Tuesday, August 3, 2010


Speak by Laurie Halse Anderson

Let me introduce you to Melinda. She is entering her first year of high school, she has no friends and has lost her ability to really speak her mind. Over the summer she attended a party and things got out of hand. Melinda called the police and as a result lost her way of life. She is trying to navigate 9th grade amidst the chaos of high school cliques, failing grades, a secret and her inability to SPEAK.

Enter Mr. Freeman, the art teacher. His assignment for the year is to choose a topic out of the hat and focus on that topic for the year. Melinda draws Tree.

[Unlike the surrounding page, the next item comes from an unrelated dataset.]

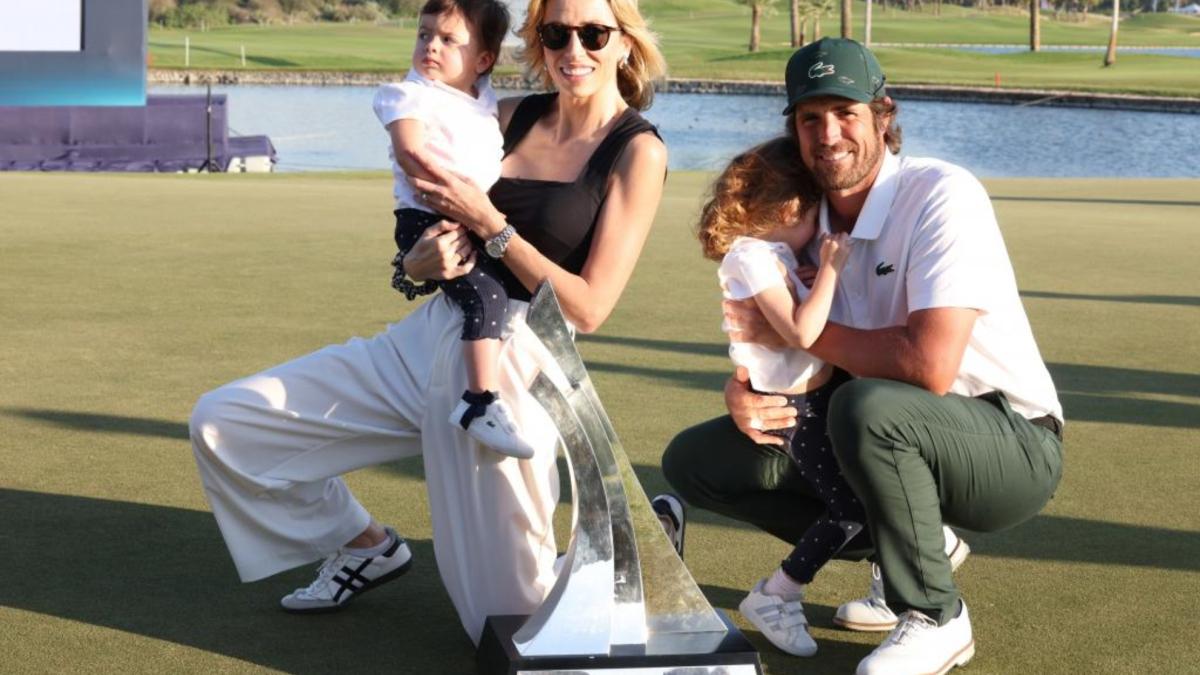 Nacho Elvira gana en Dubái delante de la nobleza europea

Now, look at the book cover, it SPEAKS volumes. Next look at the name of the art teacher. Freeman. He is going to be special to Melinda as are the students in this class.

This book won a Printz honor in 2000. In my opinion it took an honor for its memorable characters, realistic portrayal of high school, and the subject matter of the book which sadly happens to too many young women nowadays. The story made me laugh, cry and think about the power of teachers to change lives.

As a inner city high school teacher I see many wounded teens sitting in my class trying to blend into the background. As a parent and a teacher, I want to remind everyone that if your child is failing classes, something is going on and you need to find out what it is. Whether it be social, emotional or mental, failing a class or classes is really a cry for help in my opinion. Have a meeting of the minds with all you students teachers, counselors, social worker etc, to problem solve. Did you know that most schools have social workers and can help your child in many ways? Please help your teachers help your child, work with the teacher and not against the teacher for the benefit of the child.

Books have the uncanny ability to change lives and make you SPEAK your mind!

Where will this book go? I put it on my bookshelf in my classroom when school starts.


  1. I read this book last year and my goodness was it powerful! I really wish that I had known about books like this when I was a teenager. I recently listened to Thirteen Reasons Why and couldn't help but compare the two in some ways. Have you read that one?

  2. Your awesome book review just gave me goose bumps. I will be logging on to Amazon immediately to buy this one. Thank you!
    PS I'm your newest follower!

  3. Trish, I have not read Thirteen Reasons Why yet, I do plan on reading it toward the end of this month though. Have you been on the website for the book? It looks really cool.

    Tammy, Thanks for the compliment. I hope you like the book and thanks for following.

  4. I enjoyed this one, though I think I would have connected with it more had I read it when I was a teen instead of when I was 30.